If you have a newer car, you know you’re driving a computer on wheels, and that computer has a lot of your personal information. When you’re clearing out your glove compartment, console, back seat and trunk as you prepare to give that vehicle to someone else through purchase or donation, don’t forget to clear your personal data stored in your car’s electronic system.
“Giving your car to someone without clearing your personal information is almost like handing someone your smartphone,” said CSLEA Foundation Chairman Kenny Ehrman. “If you’re not sure how to permanently clear that information, check your manual, visit a dealership, or go to the vehicle maker’s website.”

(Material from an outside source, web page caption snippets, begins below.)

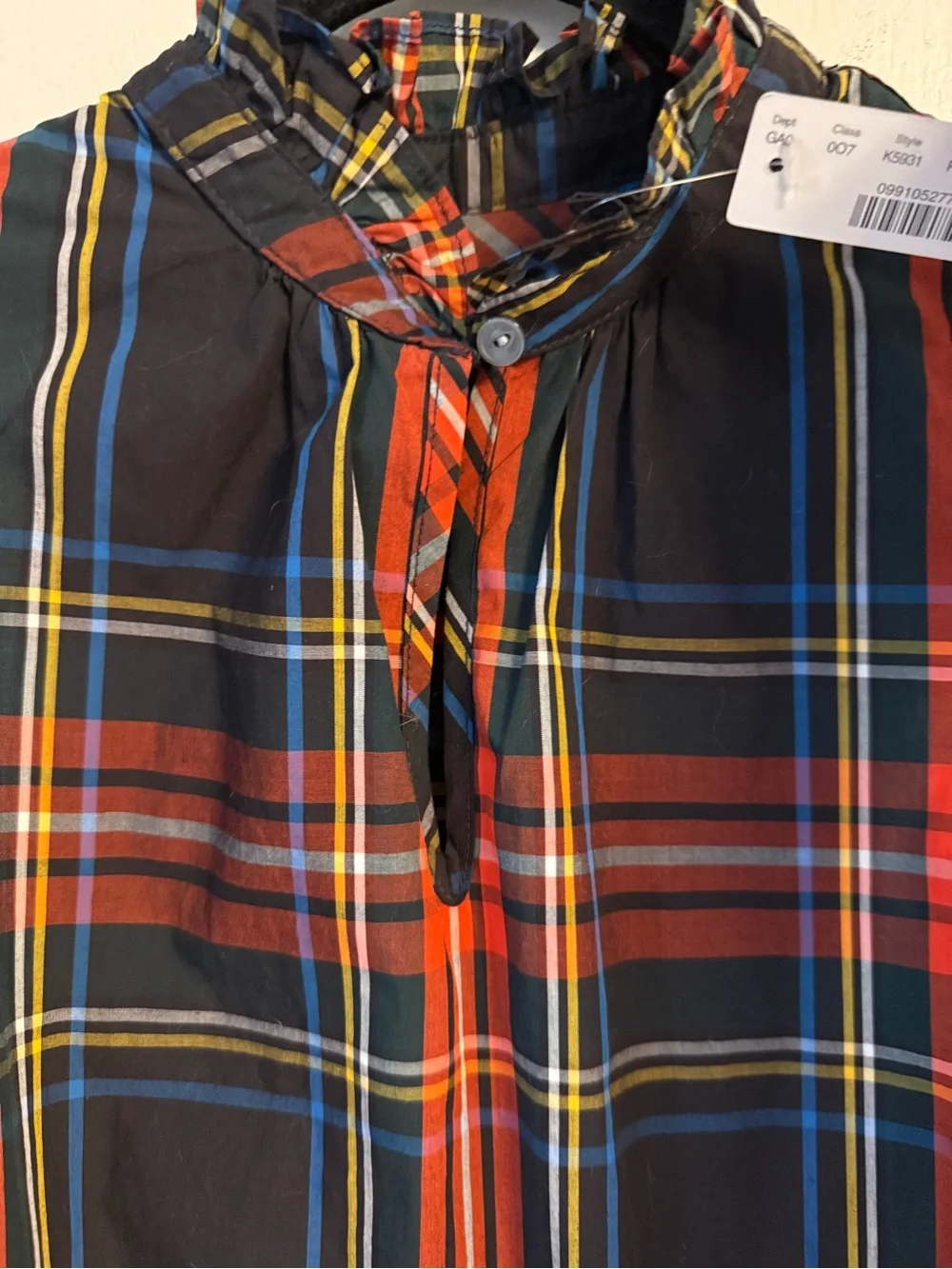 J Crew Woman’s Sleeveless Red Plaid Ruffle-Neck Top
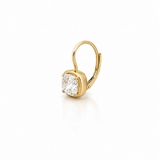 14K Gold Lab Grown Cushion Diamond Bezel Huggie Earrings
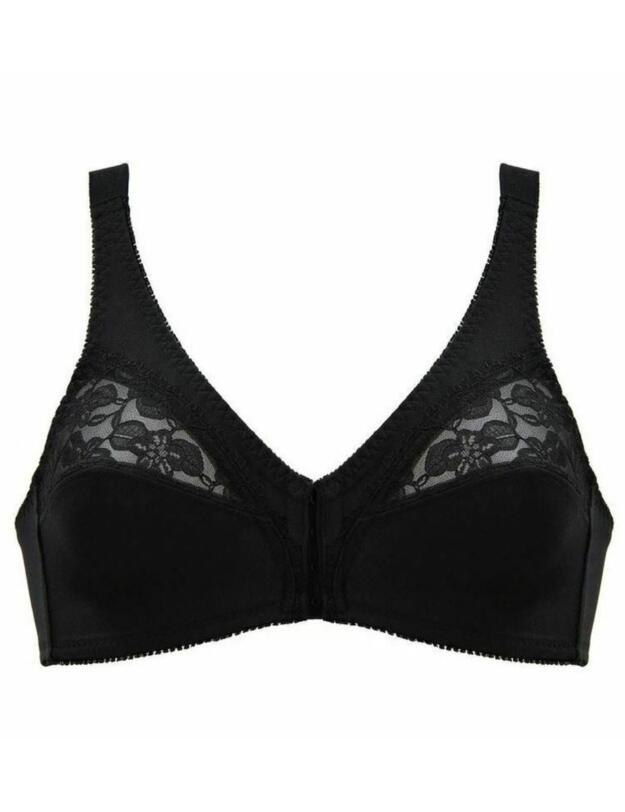 Naturana Front Fastening Bra Black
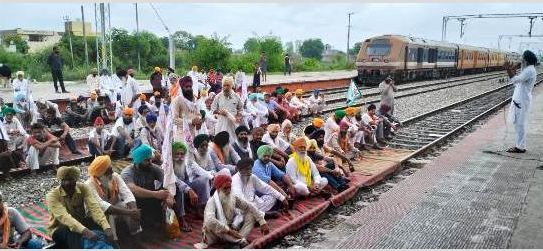 Farmers standing on roads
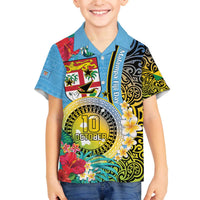 Vanuatu Malampa Fiji Day Family Matching Puletasi and Hawaiian Shirt Happy 10 October With Maps Tropical Flowers LT14 Son's Shirt Blue - Polynesian Pride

The Federal Trade Commission (FTC) has a good checklist regarding types of data you want to remove from the electronic system of your vehicle:
- Phone contacts and an address book may have been downloaded when you synced your phone with your vehicle.
- Mobile apps’ log-in information, or data that’s gathered and stored on mobile apps, may be stored in the car.
- Digital content like music may be stored on a built-in hard drive.
- Location data like addresses or the routes you take to home, work, and favorite places may be stored in your navigation system.
- Garage door codes for your home or office may be on your system.
If you subscribe to satellite radio or any other service, transfer that service to the new vehicle you will be driving.
The FTC also recommends that you clear connections between your devices and the car as well. Some car manufacturers provide an app that lets you control the car’s functions or find the car — you should disconnect the app from the car when you sell it or trade it in.